Hondurans went to the polls last weekend and elected a conservative candidate who created a military police to fight rampant gang warfare. His opponent–wife of deposed Chavez ally Manuel Zelaya–is now calling for mass upheaval to protest what the election tribunal calls “irreversible” results.
Perhaps more than any Latin American nation fighting the yolk of leftist oppression, Zelaya’s reign tossed the nation into a chaos that persists today, four years after the military constitutionally evicted him to Costa Rica to the lament of his allies in Venezuela, Ecuador, and other “socialist Bolivarian” nations. With elections held on Sunday, right-wing National Party candidate Juan Orlando Hernandez was declared “irreversibly” the victor with 34% of the vote after 54% counted. Xiomara Castro took 29% of those votes.
The concern over potential fraud began Monday night, when international media began reporting that the entire election had blacked out–that no word had come from either candidate or the election commission for too long. Word soon came, however, and international observers agreed with the election commission: the election was clean, and Hernandez had won. It would not have been a surprise to observers who watched his lead surge with his anti-crime platform. Hernandez’s promise to do anything in his power to stop crime resonated in a nation that endures twenty violent deaths a day.
It was apparently enough of a surprise to Castro and her husband, Manuel Zelaya, that they have threatened to advocate for mass protests if the election does not turn their way.
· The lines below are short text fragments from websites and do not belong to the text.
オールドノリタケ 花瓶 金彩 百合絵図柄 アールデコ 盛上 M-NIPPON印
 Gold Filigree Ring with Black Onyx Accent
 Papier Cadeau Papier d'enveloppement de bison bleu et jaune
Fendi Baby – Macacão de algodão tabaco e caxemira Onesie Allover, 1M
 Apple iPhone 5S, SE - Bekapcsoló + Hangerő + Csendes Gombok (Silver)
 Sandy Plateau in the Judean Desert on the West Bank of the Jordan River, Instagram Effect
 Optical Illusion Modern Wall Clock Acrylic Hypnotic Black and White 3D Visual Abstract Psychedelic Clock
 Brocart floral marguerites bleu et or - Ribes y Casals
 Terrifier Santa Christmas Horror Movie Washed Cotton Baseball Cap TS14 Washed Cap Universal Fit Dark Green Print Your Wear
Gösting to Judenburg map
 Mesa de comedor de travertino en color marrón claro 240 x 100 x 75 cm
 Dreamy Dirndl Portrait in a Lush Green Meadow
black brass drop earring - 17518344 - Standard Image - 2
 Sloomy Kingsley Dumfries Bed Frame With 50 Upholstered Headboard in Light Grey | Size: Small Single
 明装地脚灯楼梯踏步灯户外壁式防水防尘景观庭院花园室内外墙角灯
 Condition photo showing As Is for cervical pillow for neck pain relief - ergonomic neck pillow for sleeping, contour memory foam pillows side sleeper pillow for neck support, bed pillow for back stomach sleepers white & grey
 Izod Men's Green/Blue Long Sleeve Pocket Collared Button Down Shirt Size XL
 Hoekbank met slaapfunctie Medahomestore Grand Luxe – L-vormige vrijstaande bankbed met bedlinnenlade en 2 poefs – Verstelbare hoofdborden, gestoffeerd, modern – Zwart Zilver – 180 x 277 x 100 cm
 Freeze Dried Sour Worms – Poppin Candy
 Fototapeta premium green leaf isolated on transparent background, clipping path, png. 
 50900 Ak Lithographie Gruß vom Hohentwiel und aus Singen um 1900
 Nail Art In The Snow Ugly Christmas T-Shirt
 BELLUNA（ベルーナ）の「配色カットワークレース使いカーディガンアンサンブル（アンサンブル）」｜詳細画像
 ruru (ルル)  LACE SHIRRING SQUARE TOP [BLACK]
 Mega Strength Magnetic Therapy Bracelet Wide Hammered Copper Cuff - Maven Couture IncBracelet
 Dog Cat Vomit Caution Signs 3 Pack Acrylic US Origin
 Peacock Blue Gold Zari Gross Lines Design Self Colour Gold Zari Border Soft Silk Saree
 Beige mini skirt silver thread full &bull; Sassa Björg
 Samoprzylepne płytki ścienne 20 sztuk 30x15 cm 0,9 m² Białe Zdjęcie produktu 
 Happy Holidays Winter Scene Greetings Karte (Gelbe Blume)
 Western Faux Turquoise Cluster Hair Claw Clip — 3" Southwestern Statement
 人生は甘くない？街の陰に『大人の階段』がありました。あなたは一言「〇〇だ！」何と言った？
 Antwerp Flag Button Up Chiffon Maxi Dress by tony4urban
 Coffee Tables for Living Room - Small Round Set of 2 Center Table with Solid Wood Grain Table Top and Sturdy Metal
Zelaya himself, advocating vocally for his spouse, warned that he would “take it to the streets if necessary,” but he would not accept the victory of her opponent.
“We will not go fight to the institutions that we know are corroded by a system that doesn’t work, that has conspired and is in cahoots,” Zelaya insisted Tuesday. His call has been heeded, with students taking the streets and the Honduran police and military doing what it can to keep the throngs at bay. This report from Telesur TV shows footage of clashes with police, flaming vehicles, and other dangers amid the protests:
Honduras, the most violent country in the world gauging murders per capita, has been struggling to find a foothold of political stability since the overthrow of the leftist President Manuel Zelaya in 2009. Many on the left decried the “coup” as a mockery of the democratic process. President Obama voiced his support of Zelaya. Hugo Chavez did too, and Ecuadorian strongman president Rafael Correa even went to Honduras to back Zelaya. In the end, however, the efforts to keep Zelaya in place ended up looking more like a coalition of foreigners trying to keep Richard Nixon in power than opposition to any “coup.”
In an excellent piece by my colleague John Simpson at the time, he explains the series of events that led to Zelaya’s ouster:
President Zelaya was actively engaged in violating the Honduran Constitution by pushing an illegal ballot referendum to extend his term in office that had been vehemently opposed by the Honduran Supreme Court, the attorney general, the Congress and even Zelaya’s own party. On June 25th, in violation of Supreme Court order, President Zelaya ordered the commander of Honduras’ armed forces, Gen. Romeo Vasquez, to distribute the illegal ballots which, curiously, had just arrived from Venezuela courtesy of Hugo Chavez.Gen. Vasquez refused. Zelaya fired him.
In other words, Zelaya was attempting exactly the sort of tyrannical legislative propositions Chavez made a name for himself by implementing–the sort of tyrannical legislative propositions his successor, Nicolás Maduro, is running amok with today. His successor, Roberto Micheletti, proved the good intentions of the so-called coup by stepping down to allow the winner of the 2010 elections, Porfirio Lobo, to take the reins. This week’s elections would continue a streak of relatively peaceful transfers of power for the nation should the left not whip protesters into a potentially violent frenzy in [Xiomara] Castro’s name.
The fear in these elections should not be that any fraud may have hurt Castro’s candidacy. It is that, through her, Zelaya may have once again infiltrated the halls of Honduran executive power. And the two threaten to agitate the nation even further with their unsubstantiated calls of fraud–a situation to continue to follow closely, as few countries can handle this sort of turmoil less than Honduras.